══ SUPPLIED RECORDS ══

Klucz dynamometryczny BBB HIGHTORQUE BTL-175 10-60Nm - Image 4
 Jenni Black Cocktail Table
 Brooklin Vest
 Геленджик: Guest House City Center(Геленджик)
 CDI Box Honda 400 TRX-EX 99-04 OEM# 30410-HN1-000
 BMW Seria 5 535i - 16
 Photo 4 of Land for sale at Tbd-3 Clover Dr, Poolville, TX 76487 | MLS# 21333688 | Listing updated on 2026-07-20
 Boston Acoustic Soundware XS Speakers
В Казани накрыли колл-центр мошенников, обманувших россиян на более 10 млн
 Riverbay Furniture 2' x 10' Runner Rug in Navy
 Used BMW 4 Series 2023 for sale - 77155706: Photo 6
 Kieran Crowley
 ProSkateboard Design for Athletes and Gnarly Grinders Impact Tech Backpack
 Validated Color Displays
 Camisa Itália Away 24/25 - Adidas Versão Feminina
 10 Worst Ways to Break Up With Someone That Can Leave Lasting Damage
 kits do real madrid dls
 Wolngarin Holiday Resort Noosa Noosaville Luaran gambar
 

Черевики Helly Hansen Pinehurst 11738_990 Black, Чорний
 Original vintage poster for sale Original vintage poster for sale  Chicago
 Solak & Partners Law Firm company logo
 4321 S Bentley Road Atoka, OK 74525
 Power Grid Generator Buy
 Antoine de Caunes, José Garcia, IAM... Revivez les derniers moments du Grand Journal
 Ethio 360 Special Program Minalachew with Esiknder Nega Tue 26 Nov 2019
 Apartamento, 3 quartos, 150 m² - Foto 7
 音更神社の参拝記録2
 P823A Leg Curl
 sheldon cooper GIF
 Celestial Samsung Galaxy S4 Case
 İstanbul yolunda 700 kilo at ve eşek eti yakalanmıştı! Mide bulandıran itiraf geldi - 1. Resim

═══

◆ **TASK BRIEF**
Line by line, the data should be returned exactly as written.

◆ **OUTPUT OF THE TASK**
Klucz dynamometryczny BBB HIGHTORQUE BTL-175 10-60Nm - Image 4
 Jenni Black Cocktail Table
 Brooklin Vest
 Геленджик: Guest House City Center(Геленджик)
 CDI Box Honda 400 TRX-EX 99-04 OEM# 30410-HN1-000
 BMW Seria 5 535i - 16
 Photo 4 of Land for sale at Tbd-3 Clover Dr, Poolville, TX 76487 | MLS# 21333688 | Listing updated on 2026-07-20
 Boston Acoustic Soundware XS Speakers
В Казани накрыли колл-центр мошенников, обманувших россиян на более 10 млн
 Riverbay Furniture 2' x 10' Runner Rug in Navy
 Used BMW 4 Series 2023 for sale - 77155706: Photo 6
 Kieran Crowley
 ProSkateboard Design for Athletes and Gnarly Grinders Impact Tech Backpack
 Validated Color Displays
 Camisa Itália Away 24/25 - Adidas Versão Feminina
 10 Worst Ways to Break Up With Someone That Can Leave Lasting Damage
 kits do real madrid dls
 Wolngarin Holiday Resort Noosa Noosaville Luaran gambar
 

Черевики Helly Hansen Pinehurst 11738_990 Black, Чорний
 Original vintage poster for sale Original vintage poster for sale  Chicago
 Solak & Partners Law Firm company logo
 4321 S Bentley Road Atoka, OK 74525
 Power Grid Generator Buy
 Antoine de Caunes, José Garcia, IAM... Revivez les derniers moments du Grand Journal
 Ethio 360 Special Program Minalachew with Esiknder Nega Tue 26 Nov 2019
 Apartamento, 3 quartos, 150 m² - Foto 7
 音更神社の参拝記録2
 P823A Leg Curl
 sheldon cooper GIF
 Celestial Samsung Galaxy S4 Case
 İstanbul yolunda 700 kilo at ve eşek eti yakalanmıştı! Mide bulandıran itiraf geldi - 1. Resim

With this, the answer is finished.